I would recommend doing this after running trim.flows, shhh.flows and trim.seqs.

And I think merge.files is the command you are after

I take advantage of this question to ask for some additional details.

I’m in the same situation. I have 5 samples to compare (they have been run singularly) and I would like to analyze the beta-diversity.
After merging .fasta files, how can I obtain a common .name file and .group file? I’ve tried to obtain these two by merge.files command but the group file contains just one group, named “trim”, instead of 5.
When I’ve tried with, the group file contains 5 groups BUT just the unique sequences are listed.

Could you post the commands you ran?

Hello, thank you very much for replying!
I’ve followed the SOP in the wiki.
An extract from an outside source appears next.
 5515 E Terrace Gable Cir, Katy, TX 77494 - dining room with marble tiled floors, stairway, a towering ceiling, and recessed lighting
And I’ve tried to merge files in different points of the procedure. But the problem is always the same.

Last time, I tried as follows:

-sffinfo(sff=sample1.sff, flow=T)
-sffinfo(sff=sample2.sff, flow=T)
-sffinfo(sff=sample3.sff, flow=T)
-sffinfo(sff=sample4.sff, flow=T)
-sffinfo(sff=sample5.sff, flow=T)

trim.flows(flow=sample1.flow, minflows=360, maxflows=720, fasta=T, processors=6)
trim.flows(flow=sample2.flow, minflows=360, maxflows=720, fasta=T, processors=6)
trim.flows(flow=sample3.flow, minflows=360, maxflows=720, fasta=T, processors=6)
trim.flows(flow=sample4.flow, minflows=360, maxflows=720, fasta=T, processors=6)
trim.flows(flow=sample5.flow, minflows=360, maxflows=720, fasta=T, processors=6)


And then I went on with the other commands of the SOP (trim.seqs, unique.seqs, align.seqs, screen.seqs, filter.seqs, unique.seqs, chimera.uchime, remove.seqs, classify.seqs, dist.seqs, cluster) and calculated a-diversity indexes and rarefaction curves.
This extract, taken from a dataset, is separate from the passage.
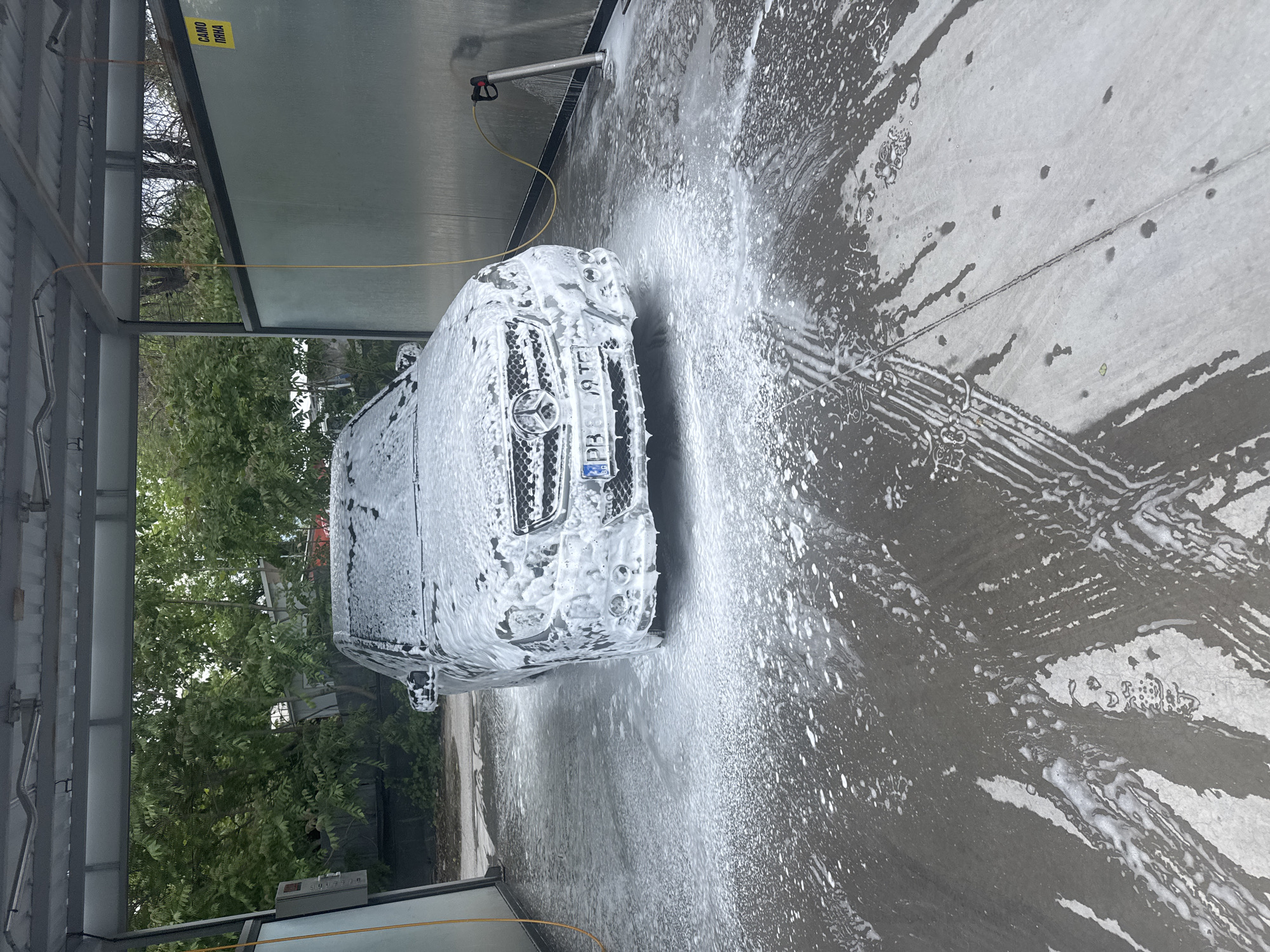 A car is being washed at a self-service car wash. The car is covered in white foam. A pressure washer wand is visible above the car, and water and foam are spraying onto the ground. The car has a Bulgarian license plate "PB 8419 TE". The car wash is located outdoors, with trees visible in the background. The location is likely Plovdiv, Bulgaria, based on the Bulgarian license plate and the request for the location.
For the b-diversity I read that I need a .shared file. To do a shared file I need a group file with the list of the sequences and the names of each groups.

I did:

  • make.groups(fasta=sample1…fasta-sample2…fasta-sample3…fasta-sample4…fasta-sample5…fasta, groups=sample1-sample2-sample3–sampl4-sample5)
  • merge.files(name=sample1…names-name=sample2…names-name=sample3…names-name=sample4…names-name=sample5…names)
  • merge.files(list=sample1…list-list=sample2…list-list=sample3…list-list=sample4…list-list=sample5…list)

When I did this I was really carefull at using the .fasta, .list and .names files from the same stage, to avoid any problems. Indeed with summary.seqs I checked all steps BUT I also noticed that the group files had just the unique sequences.

I did make.shared with the merged.list file and the merged.nemes and the group file but mothur told that the number of sequences in the name files was graeter than in the group file “please, correct”.

Anyway, since I tried in many different ways, for curiosity, I made a group file at the very beginning (after shhhinfo). Running summary.seqs on the 5 .fasta files I saw that, also this time, the number of the sequences in the group file was just the sum of the unique sequences in the 5 fasta.files.

So, now, I’m asking. How can I do to analyse the beta-diversity when my samples were run separately?

Okay, a few things… If you want to make.groups with all the sequences you need to run deunique.seqs on each fasta file first.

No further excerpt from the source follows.